> [Your objective] Print the whole listing below exactly as given, pictures excluded.

> [Recorded information]

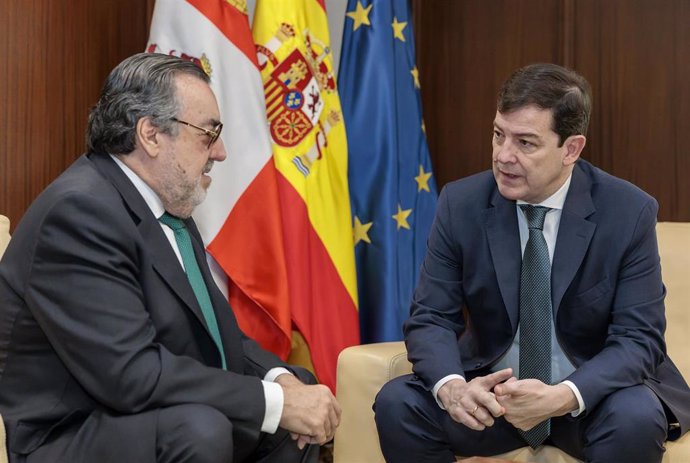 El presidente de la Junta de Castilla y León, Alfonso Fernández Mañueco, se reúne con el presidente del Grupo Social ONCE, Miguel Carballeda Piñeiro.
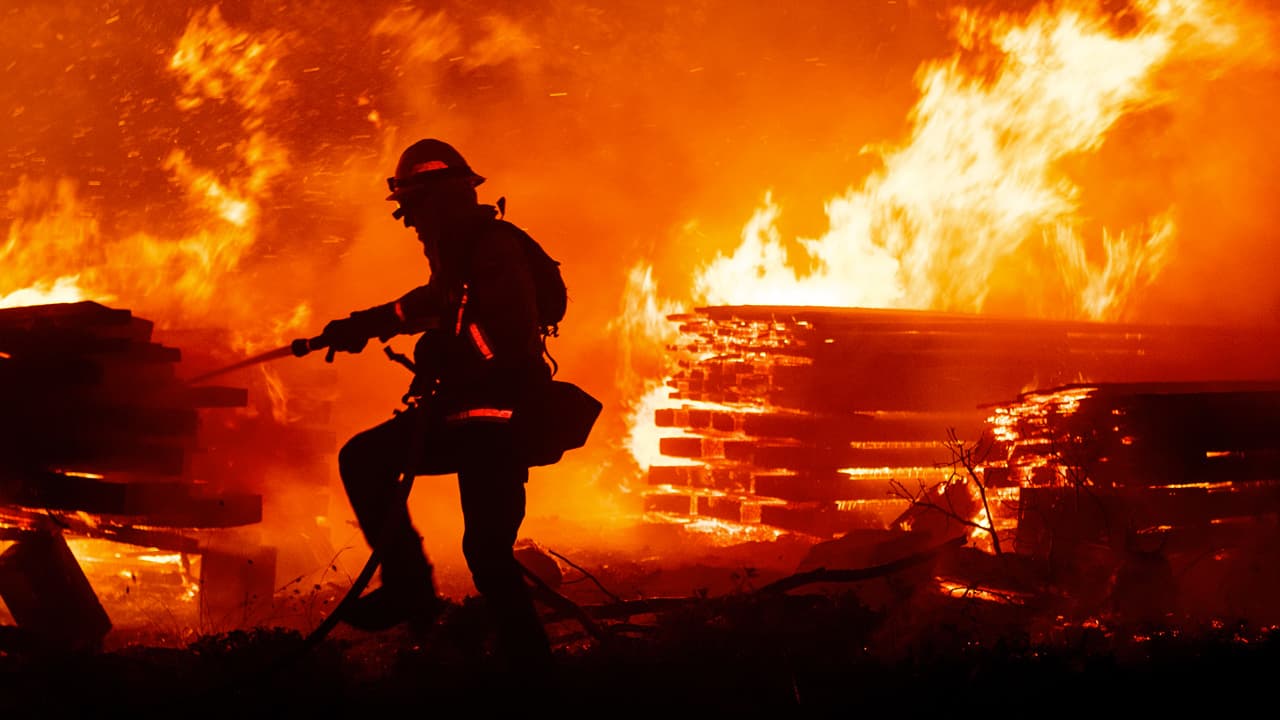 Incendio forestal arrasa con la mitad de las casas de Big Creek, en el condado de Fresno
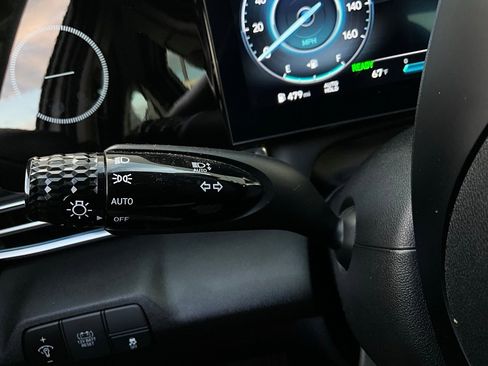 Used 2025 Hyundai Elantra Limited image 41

> [Answer box]
 El presidente de la Junta de Castilla y León, Alfonso Fernández Mañueco, se reúne con el presidente del Grupo Social ONCE, Miguel Carballeda Piñeiro.
 Incendio forestal arrasa con la mitad de las casas de Big Creek, en el condado de Fresno
 Used 2025 Hyundai Elantra Limited image 41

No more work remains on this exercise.